Pour que la crise sanitaire actuelle ne prenne pas en otage le développement du continent, il faudra que les solutions envisagées prennent en compte des préalables politiques qu’on ne trouve pas dans la majeure partie des pays africains. Quels sont ces préalables si importants ? C’est d’abord l’organisation de relations sociales dans le cadre d’une justice partagée par tous. C’est ensuite rendre autonome et indépendante la sphère publique seule capable de donner forme à l’idée de bien commun et d’une communauté d’hommes avec des intérêts convergents. Puis, c’est établir une relation contractuelle entre gouvernants et gouvernés.  Enfin, c’est une organisation et une pratique du pouvoir qui donnent du contenu aux institutions politiques et sociales.

Mises ensemble, toutes ces données vont en quelque sorte déterminer le champ politique dans lequel se mouvoir. Elles vont constituer un cadre pour un progrès économique et social. Autrement dit, pour que le développement soit possible, il faut une organisation politique qui soit capable de le penser et de le construire. C’est cette fondation politique de la vie commune et son incarnation dans un système de contraintes institutionnalisé qui peuvent consacrer l’avènement d’une société politique, où, concrètement, les questions de la justice sociale et de l’égalité politique peuvent être des préoccupations collectives. En dehors de cette réflexion sur la dimension politique, l’Afrique ne peut se donner les capacités institutionnelles pour amortir l’impact économique lié à la crise du Covid-19.

Aussi longtemps que le pouvoir politique sera informel empêchant l’ancrage d’institutions effectives, il sera vain d’en appeler à un plan Marshall ou à la réduction de la dette africaine. Il est à espérer que la crise du coronavirus soit l’occasion d’une transformation politique telle qu’elle conduise à rompre avec les pratiques du pouvoir nihilistes et incite les responsables politiques à investir dans les capacités génératives de la société. Sans quoi, toute l’aide internationale imaginable et l’annulation de la dette africaine n’auront aucun impact significatif sur la vie des populations.

Mais cette métamorphose des pratiques politiques ne sera possible qu’à la faveur d’une pensée afrocentriste qui s’interdira, le temps de prendre toute la mesure des responsabilités politiques, de penser l’Afrique dans son rapport au monde : renoncer momentanément à une pensée de l’Afrique-monde, au profit d’une pensée de l’Afrique sur l’Afrique par les Africains. Cet afrocentrisme devrait forcer les acteurs politiques à réaliser un travail de dégrisement dans lequel il conviendra de se défaire des manières d’être et de faire qui ont fini par faire de la dignité humaine une portion congrue sur les terres africaines.
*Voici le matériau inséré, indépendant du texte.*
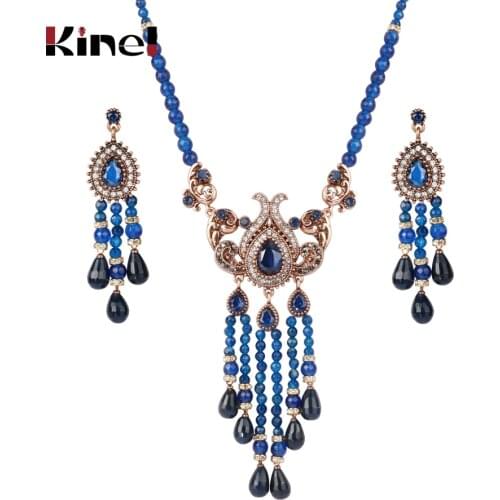 Kinel Blue Natural Stone Necklace And Earrings For Women Antique Gold Crystal Ethnic Vintage Wedding Jewelry Sets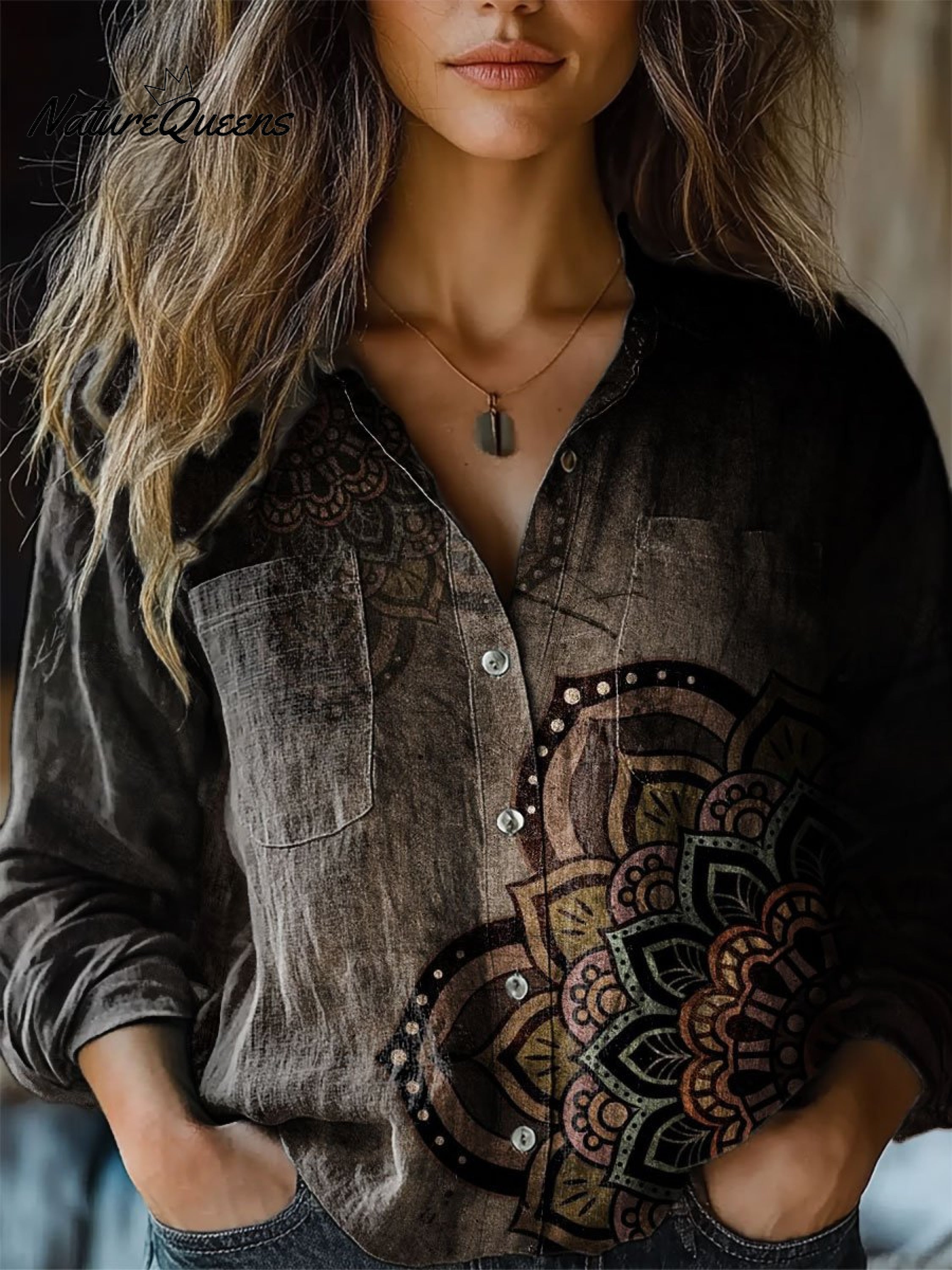 Amanda | Women's Vintage Print Casual Long Sleeve Comfortable Cotton Shirt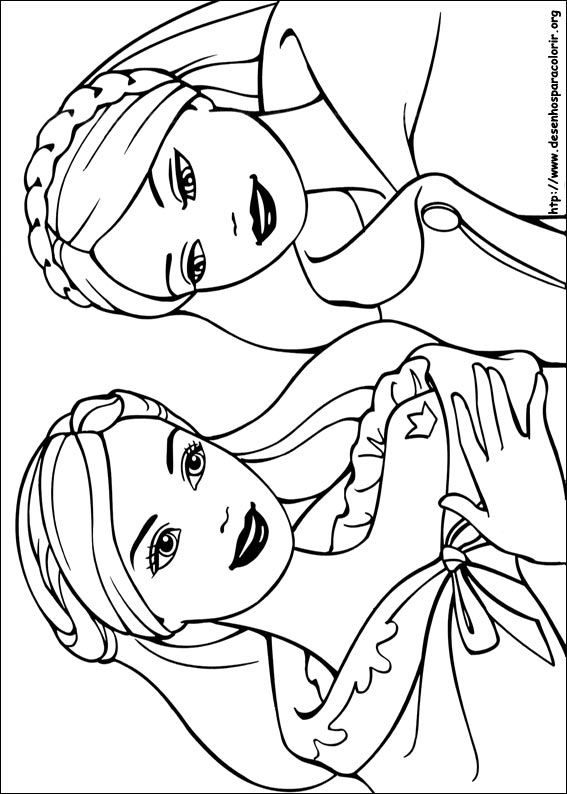 Barbie e as amigas – Desenhos para Colorir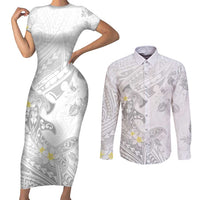 Polynesia Hammerhead Shark Couples Matching Short Sleeve Bodycon Dress and Long Sleeve Button Shirt Tropical Flowers Tribal Pattern White LT05 White - Polynesian Pride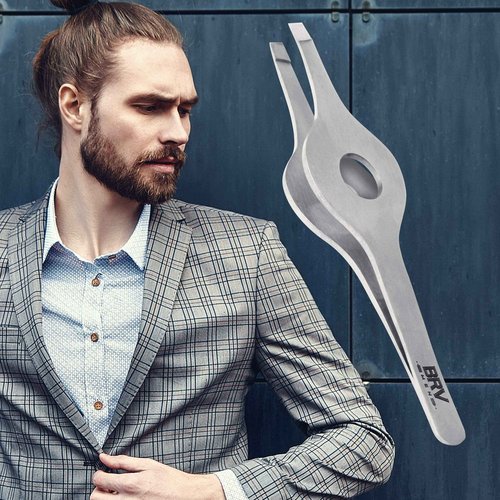 BRV MEN Wide Grip Slant Tweezers | Hand-Filed Slanted Tips for Ultra-Precision | Tweezers for Eyebrows & Nose/Ear/Facial Hair | Professional Tweezers for Women & Men - Silver
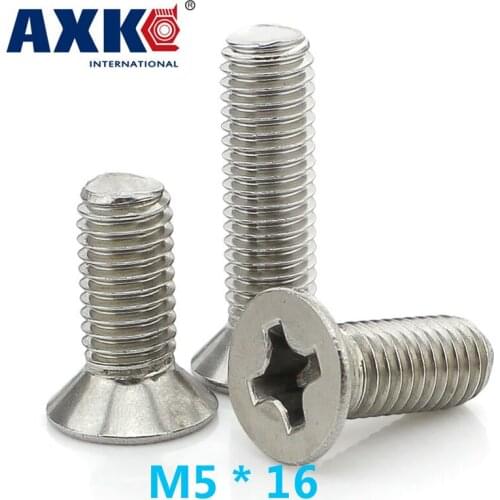 2019 Tornillos Para Madera Drywall Axk 20pcs 304 Stainless Steel Countersunk Head Phillips Screws / Flat Screw M5 * 16 Gb819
Mais dégriser l’Afrique, ce sera penser l’Afrique au marteau, pour reprendre une fameuse expression nietzschéenne, ce qui veut dire démolir l’ontologie autoritaire et l’aide au développement qu’elle ne cesse d’enfanter. A cette condition et à cette condition seulement, qu’au-delà d’être à l’origine de la crise sanitaire, économique et financière qu’elle est aujourd’hui, la Covid-19 pourrait être plus qu’un évènement, mais l’avènement d’une « autre Afrique ».

Donc, si l’Afrique ne veut pas sortir grande perdante du monde de l’après Covid-19, la question de l’annulation de la dette ne devrait pas cristalliser les débats sur la relance du développement du continent. L’espoir étant que cette crise du coronavirus soit l’occasion, pour l’Afrique, de penser et de rendre effectives les conditions de sa souveraineté, et non de reconduire les dispositifs de sa sujétion à l’environnement international.